Kemal, Sultanahmet’te rastladığı eski bir arkadaşı olan Ali’ye, bir zevk düşkünü kadın yolunda uğradığı yıkımı anlatırken, bu kadın yeni bir aşığı ile arabaya binmiş yanlarından geçer. Kemal kadını unutamamıştır. Mediha’nın yeni aşığı Sadi’dir. Taşrada bıraktığı eşi, annesi ve çocuklarını bu kadın unutmuşa benzemektedir.

Annesi İstanbul’a gelir ve onu uyarmaya çalışır. Ama Sadi, bundan etkilenmez. Üzgün annenin çıktığı kapıya düşkün bir adam yaklaşır: Bu Kemal’dir. Bilmeden eski sevgilisinin metres olarak yaşadığı eve gelmiştir.

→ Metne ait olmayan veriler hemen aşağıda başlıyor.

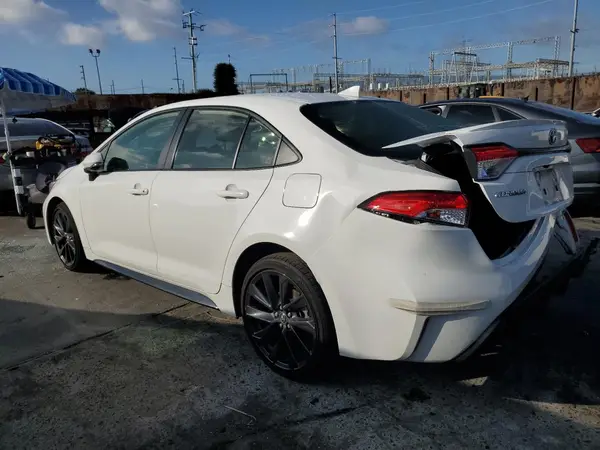 JTDBCMFE7R3028738 2024 TOYOTA COROLLA - Image 2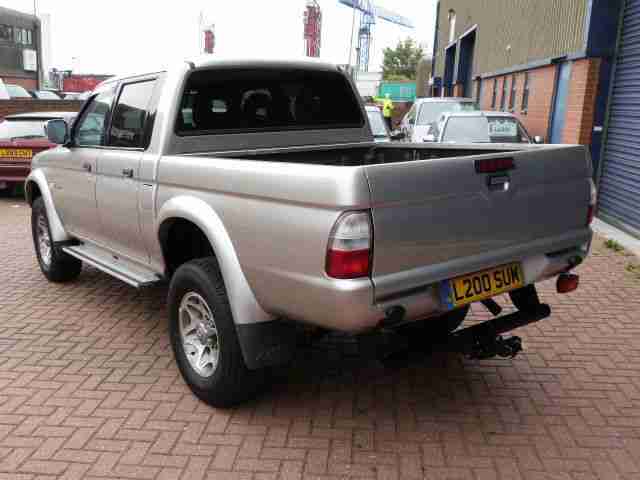 Mitsubishi L200 Warrior Double Cab 4WD 2.5 T/D 5-Speed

Evin aşçıbaşısı ona acır, mutfağa alır, bir şeyler yedirir. Mediha, Kemal’i görür, perişan ettiği erkeğe kahkahalarla güler. Fakat Kemal açtır ve açlığı gururunu yener. Evin sahibi merhametli bir adamdır. Kemal’i eve uşak olarak alır. Mediha da buna sesini çıkarmaz. Ancak Kemal, Mediha ile birlikte yaşadığı Ziynet’in Sadi’ye bir komplo hazırladıklarını anlayınca, artık eski sevgilisini falan unutup bu nankör kadınları ele vererek, hem Sadi’yi kurtarmak, hem de intikamını almak ister; ama ondan evvel bu ihtimali düşünen kadınlar, onu, Sadi’ye kendilerine göz dikmiş biri olarak tanıtmayı ve evden kovulmasını sağlamayı başarırlar.

O akşam Boğaz’ın bir bahçesinde yiyip içtikten sonra bir otomobille eve dönmekte olan Sadi ve kadınlar belli bir noktada durdukları sırada saldırıya uğrayıp öldürülürler, Sadi ise yalnız yaralanmıştır. Başına vurularak yaralanan Sadi’nin zihninde bir boşluk vardır, olayı hatırlayamaz. Soruşturması yapıldığı sırada, yalnız kıskançlık günlerini hatırlayan Sadi, metresini öldürdüğünü sanır ve olayın faili olduğunu kabûl eder.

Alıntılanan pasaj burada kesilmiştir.